At the Pentagon, the joint chiefs of staff are insisting on reconstruction funds as part of a package of political and economic measures to accompany the armed forces. They fear the extra troops will be wasted and more lives lost if Bush relies purely on the military to pacify Iraq, according to sources close to General Peter Schoomaker, the army chief of staff.
Military commanders have come round to the idea that an increase of troops is likely to form the backbone of Bush’s new strategy on Iraq. “People are warming to the idea that some sort of surge is necessary,” said a military official.
Robert Gates, the defence secretary, held talks with Bush, Condoleezza Rice, the secretary of state, and Stephen Hadley, the national security adviser, at Camp David yesterday, where he reported back on his three-day tour of Iraq. He said the willingness of Iraqis to “step forward” had advanced significantly.
Newt Gingrich, the former Republican Speaker of the House and a member of the defence policy board advising the Pentagon, is calling for a cross between the New Deal and the post-second world war Marshall Plan that would “mop up every young Iraqi male who is unemployed”. He said it would be “as big a strategic step towards victory as whether you have more troops or fewer troops”.
Gingrich believes his position as a staunch conservative could help to sell the reconstruction package to sceptical Republicans who argue that Iraq has already cost too money. The Pentagon this month requested an extra $100 billion from Congress as an emergency supplement to the 2007 military budget, bringing the total to $663 billion.

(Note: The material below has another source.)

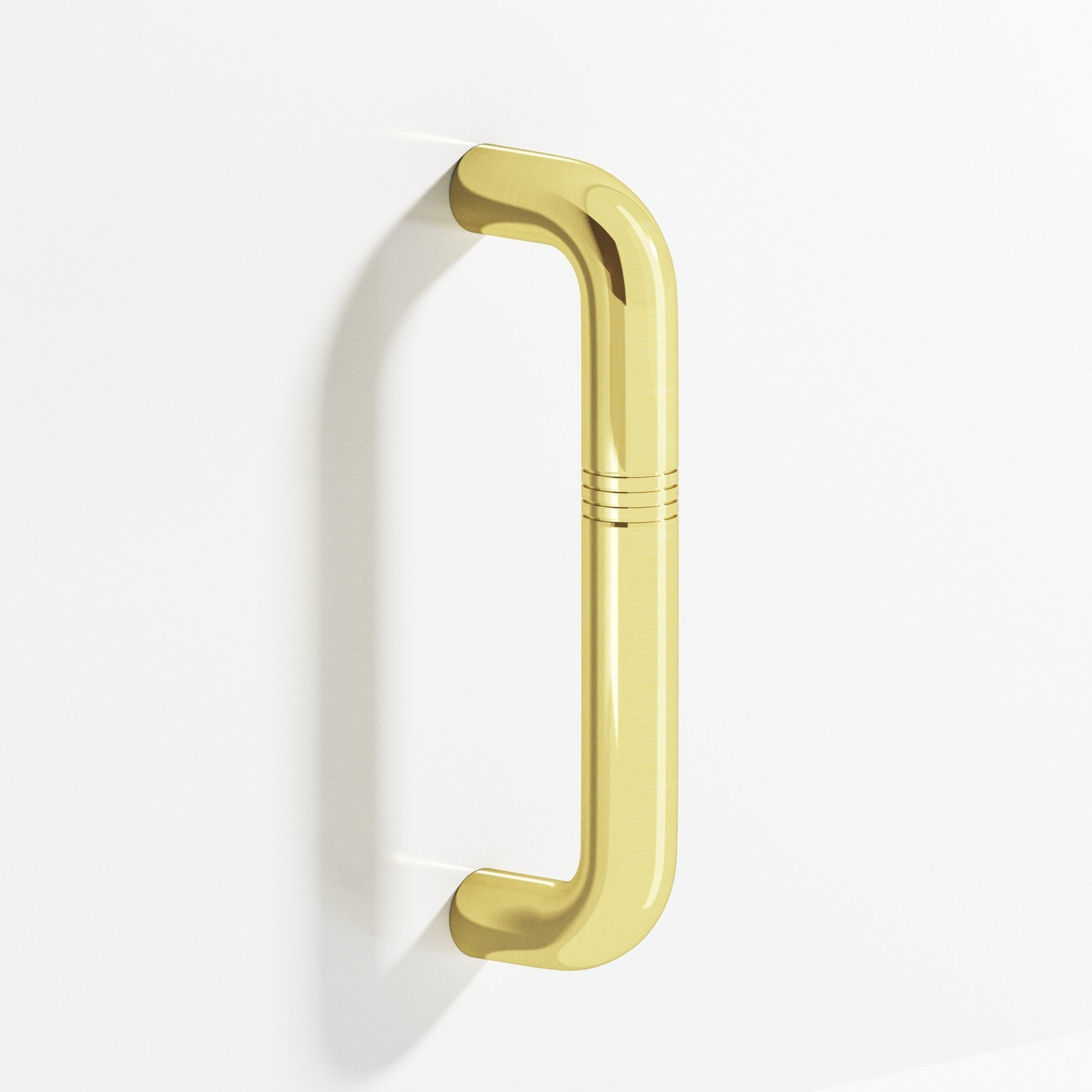 Colonial Bronze 860 Series Cabinet Pull, Appliance Pull, Door Pull, Shower Door Pull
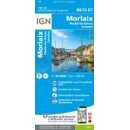 0615 ET Morlaix, Plestin-les-Grèves, Carantec...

Americans have already spent nearly $40 billion on economic aid for Iraq, much of which has been squandered. Bush’s proposals are likely to be more modest than the former speaker’s but he has been listening carefully to advice from generals such as Peter Chiarelli, who stepped down as head of the multinational forces in Iraq last week. He believes a US-funded, Iraqi-led job creation programme is essential to weaken the power of militias.
...The plan is to extend significantly Chiarelli’s innovative use of Sweat teams (responsible for sewage, water, electricity and trash) to back up military operations.
Local leaders will be asked what they need to improve the quality of life in their neighbourhoods and the unemployed will be put to work. According to [neocon think-tanker Frederick] Kagan, the scale of the package should be linked to the degree of co-operation over disbanding militias and providing intelligence about insurgents.
I find it gratifying that Bush and the neocon Right have finally caught up with what many Lefties, myself included, were saying more than 18 months ago. It would have had a far better chance of working back then, but back then we were "defeatists" who were "ignoring the obvious signs of progress in Iraq".
It's galling, however, that conservatives like Gingrich and Kagan can now forward our plans as their own with nary a word of apology or acknowledgement or any indication that we were right back then and may well be right now.